For a regular user who just wants a way to browse for things like they do on their iPhone or iPad, it’s a great thing. Get all your apps in one place, get notified when they’re updated automatically as in iOS. But for power users, who are accustomed to the modicum of effort it takes to seek out and find apps, there are a few downsides. Already there are rumblings that certain popular apps had to remove pieces of functionality just to be included in the store. That could be a deal-breaker for someone who’s been using a piece of software and wants the unified benefits the App Store offers, but can’t give up a function he/she relies on.

Apps already installed on your Mac show up as installed, but as of now, won’t be updated through the App Store either, which can cause confusion for users. It’s probably because they don’t want people to purchase apps they already own again, but it’s a confusing UI choice. Could be a bug, could be a real pain further down the line when version numbers don’t quite match up, functions are different between two seemingly identical versions of the same app, and users have questions about what they have and why it isn’t like the other things they have.

Furthermore, before the iOS App Store, there really wasn’t a super easy way to get apps on and off your device. The ease of instant downloads and instant deletions made it perfect for not having to think too much about those impulse buys. But the Mac is very different. As of right now, I can’t find a simple “tap-and-hold” delete function for Mac apps like on iOS, and people are going to want that. Soon. Within the App Store app, I don’t see any mention of uninstallation. Just a purchase history. And considering that the Mac is not sandboxed the way iOS is, it could lead to problems and confusion in the future.
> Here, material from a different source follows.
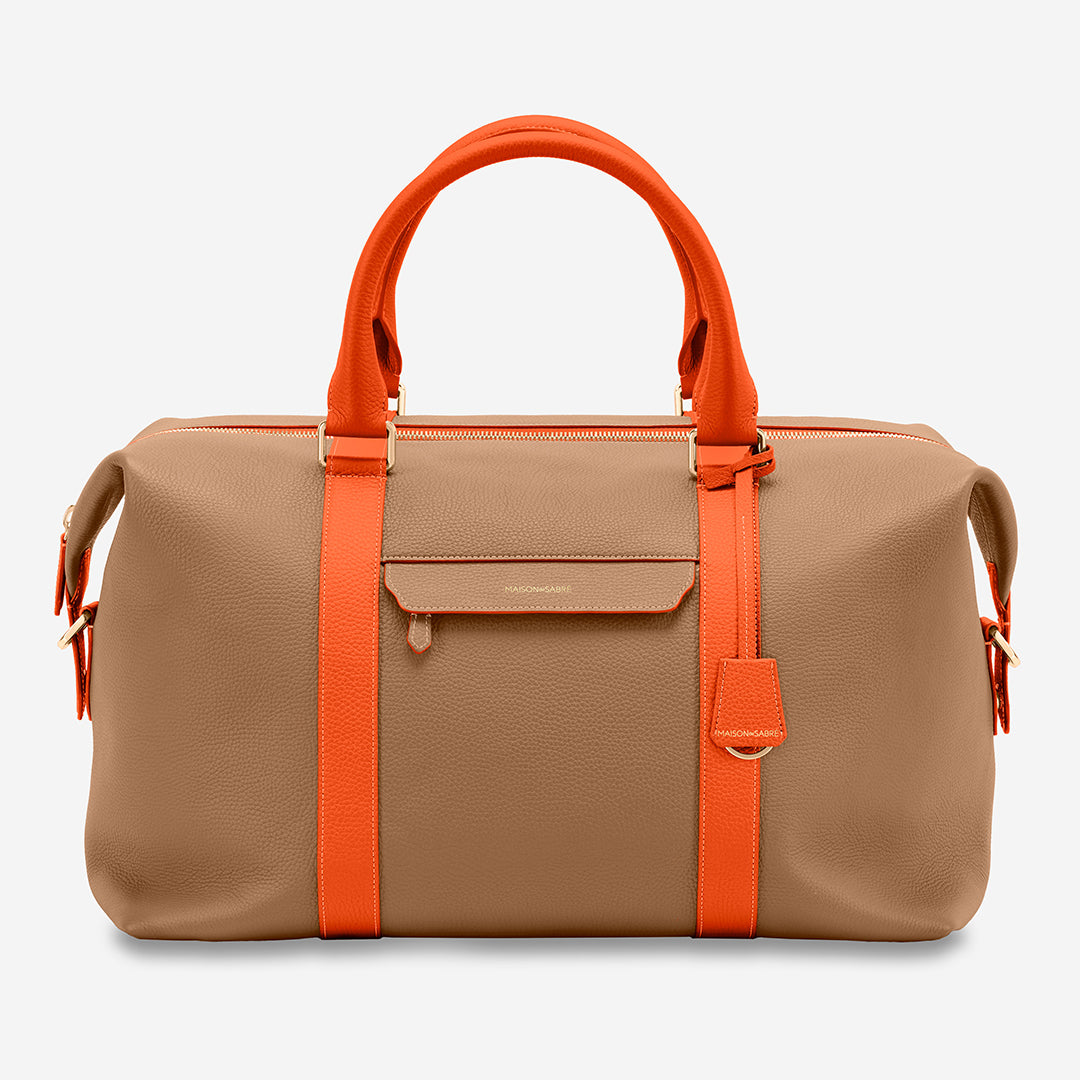 The Boston Bag - Manhattan Sandstone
Considering Apple’s aiming this squarely at the standard user and not so much at the power user who understands where .plist files are stored and why they might be crashing your app every time you open it, they have a lot of work left to do to make it exactly the same kind of experience the iOS App Store has become. It’s a great first effort, but be prepared for some quizzical expressions here and there as we go along. Perhaps 10.7 will address some of these issues. I hope so, because as it stands, it’s just not the same fluid consumer experience people are used to. And that may be a bigger problem for Apple than they realize.